Problem details — The expected output is the full data, repeated exactly, without pictures.

Data extract —
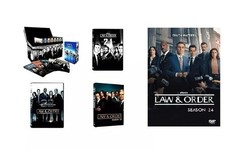 LAW AND ORDER; COMPLETE SERIES-1-24, DVD SET, FAST SHIPPING, REGION # 1, NEW.
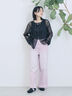 【ECO DENIM 】 ワイドストレートパンツ（チャコールグレー/ピンク/ブルー）｜Samansa Mos2 blue（サマンサモスモス ブルー）通販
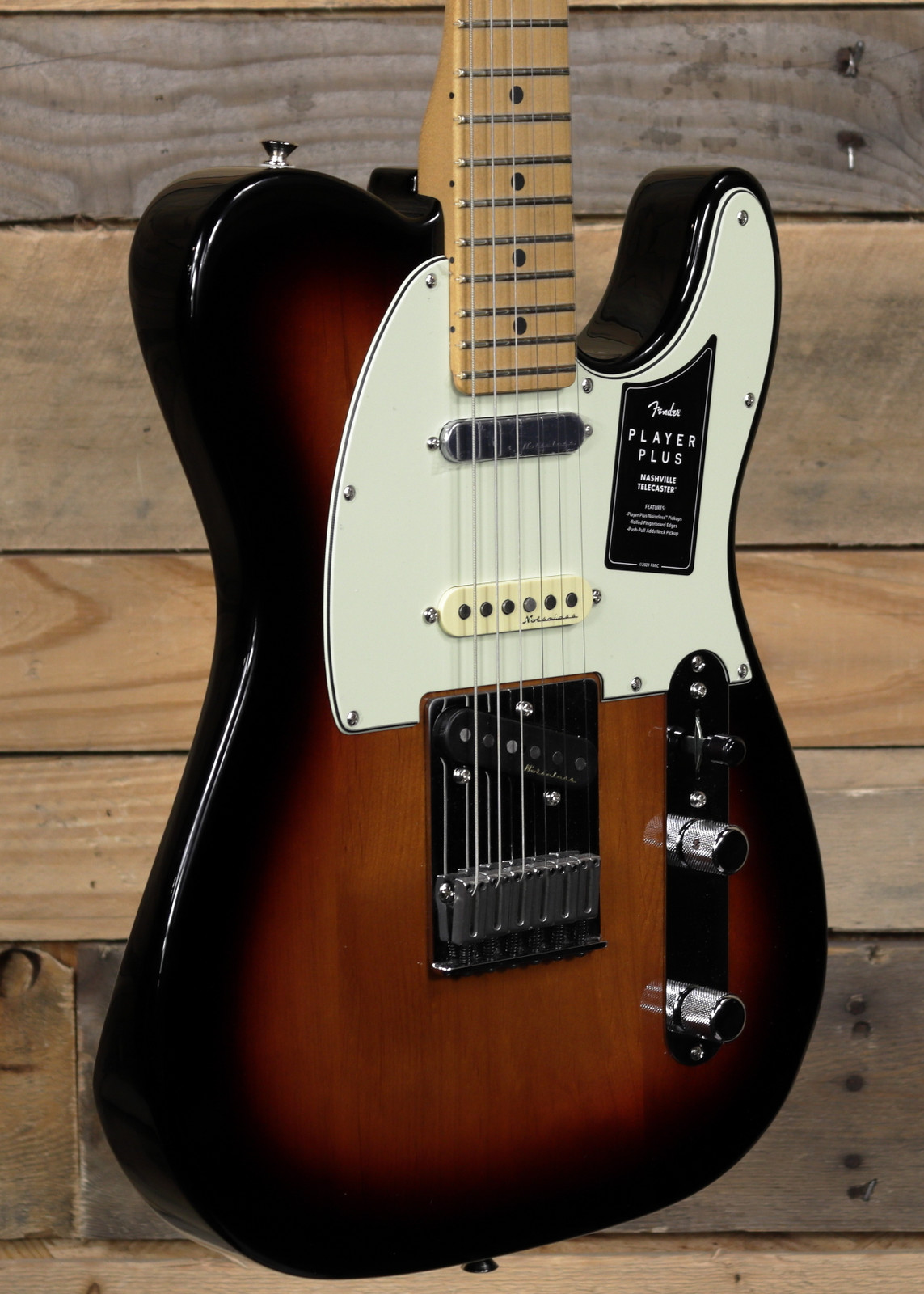 Case　Plus　Fender　Guitar　Sunburst　Player　Electric　Nashville　Telecaster　3-Color　w/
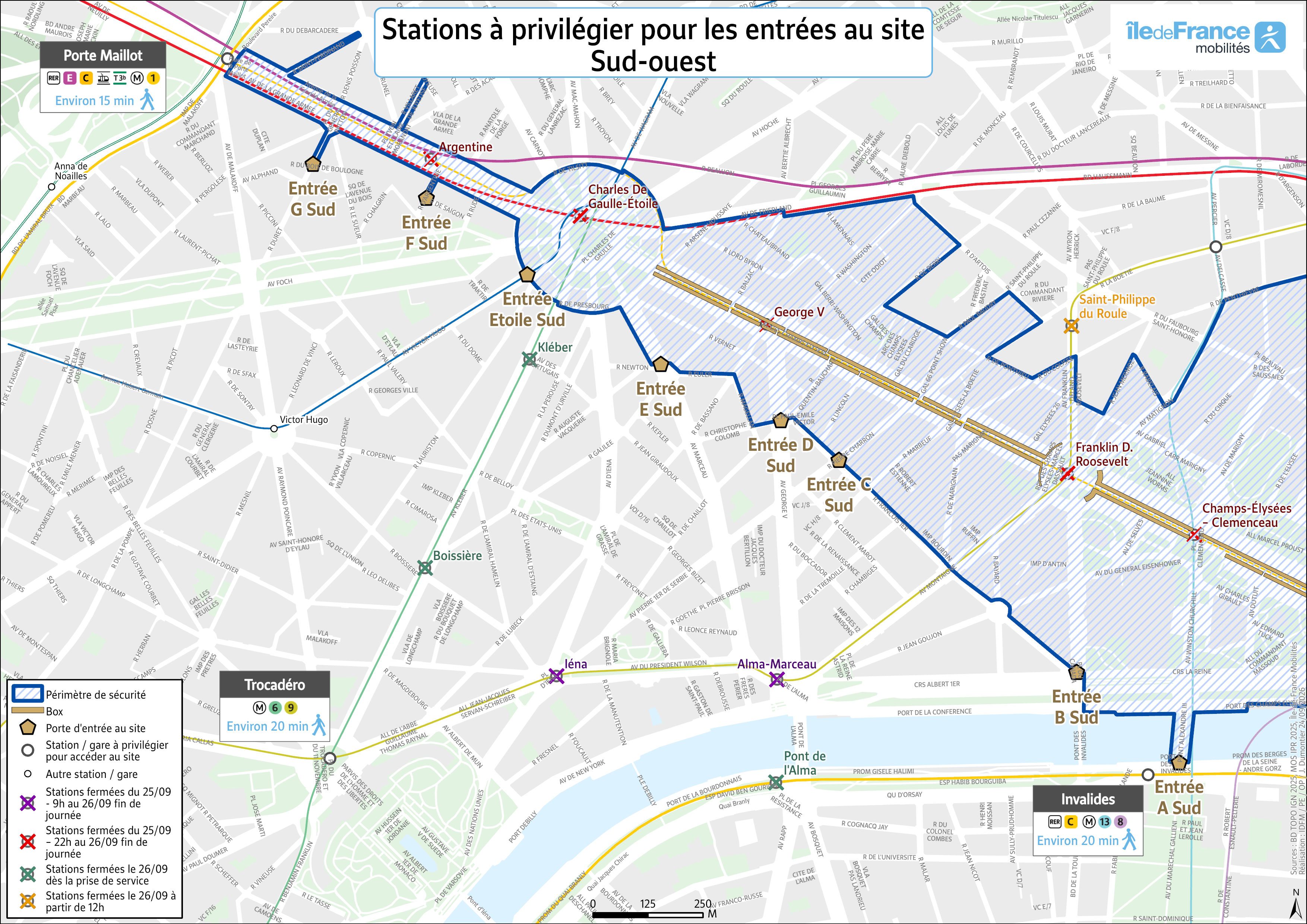Accès Sud-Ouest : stations conseillées pour accéder à la messe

Answer below —
 LAW AND ORDER; COMPLETE SERIES-1-24, DVD SET, FAST SHIPPING, REGION # 1, NEW.
 【ECO DENIM 】 ワイドストレートパンツ（チャコールグレー/ピンク/ブルー）｜Samansa Mos2 blue（サマンサモスモス ブルー）通販
 Case　Plus　Fender　Guitar　Sunburst　Player　Electric　Nashville　Telecaster　3-Color　w/
Accès Sud-Ouest : stations conseillées pour accéder à la messe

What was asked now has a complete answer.